Captioned web image data:
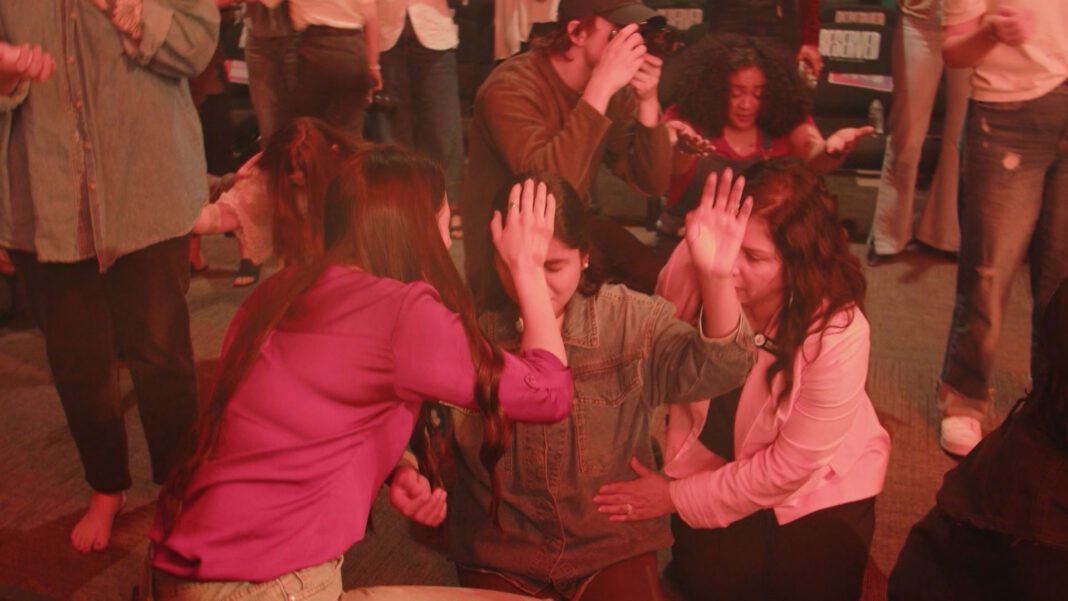 Congregação em oração e reflexão em igreja de Waco, Texas.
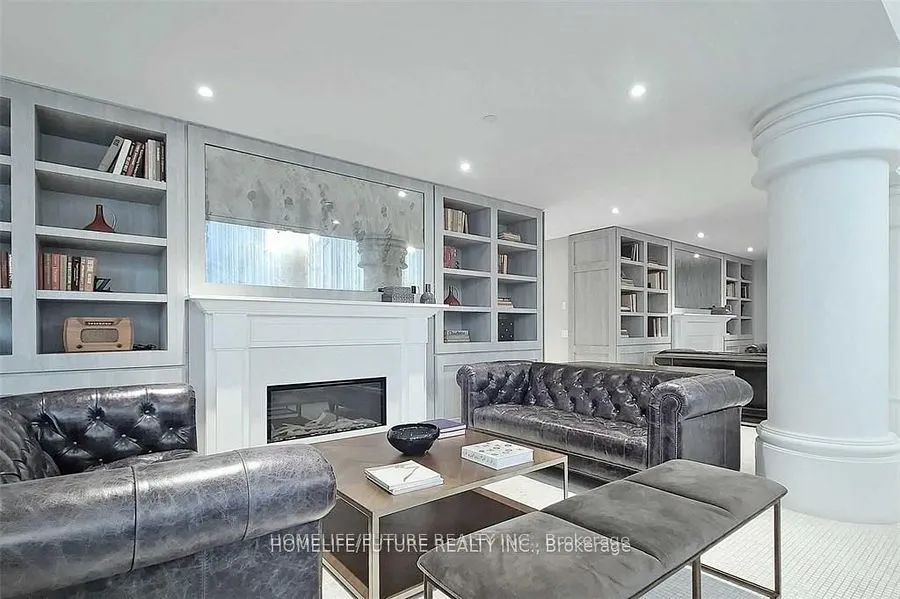 33 Helendale Avenue, #1602
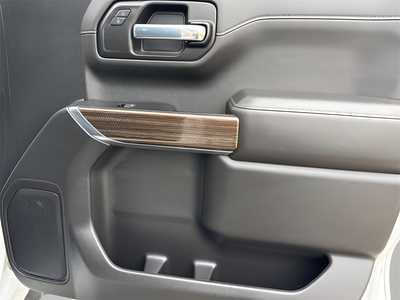 2021 Chevrolet 1500 Crew Cab, $39990. Photo 9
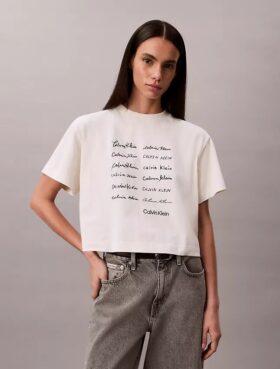 T-shirt squadrata con grafica del logo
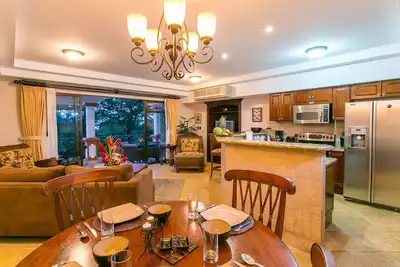 Image de Condo de luxe de 2 chambres avec vue magnifique sur l'océan et la jungle, à pied de la plage!
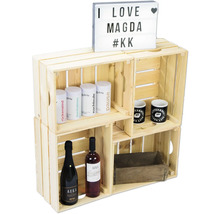 Holzkistenregal mit Getränken und einer Leuchtbox mit der Aufschrift I Love Magda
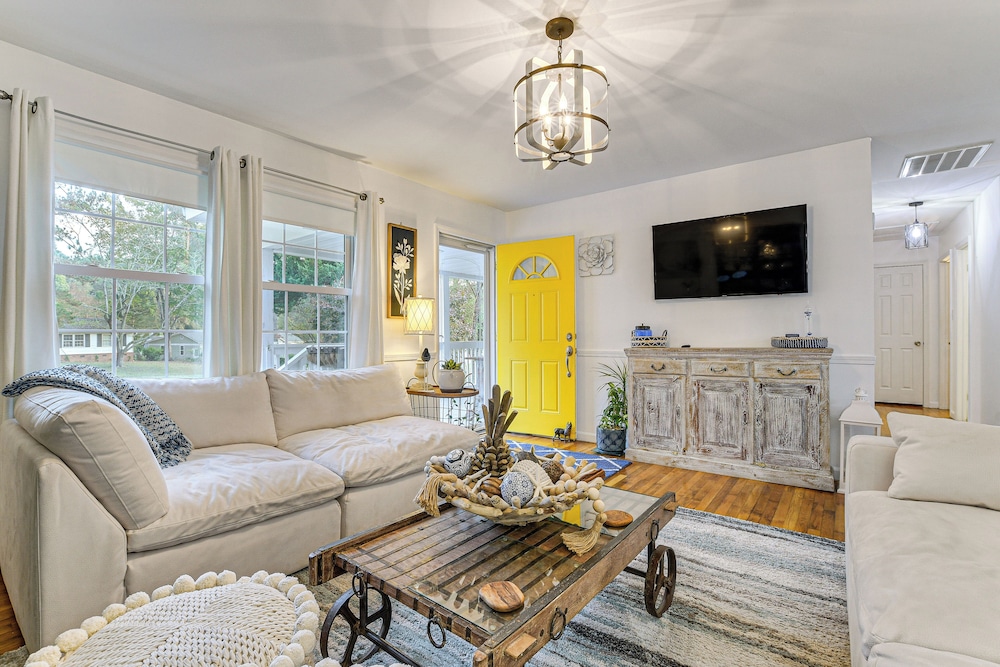4 Mi to Falls Lake: Dog-friendly Wake Forest Home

◆ **Exercise prompt**
Every line from the one containing "2021 Chevrolet 1500" through the last line of the data, both included, is to be repeated exactly; the pictures are to be left out.

◆ **Output of the exercise**
 2021 Chevrolet 1500 Crew Cab, $39990. Photo 9
 T-shirt squadrata con grafica del logo
 Image de Condo de luxe de 2 chambres avec vue magnifique sur l'océan et la jungle, à pied de la plage!
 Holzkistenregal mit Getränken und einer Leuchtbox mit der Aufschrift I Love Magda
4 Mi to Falls Lake: Dog-friendly Wake Forest Home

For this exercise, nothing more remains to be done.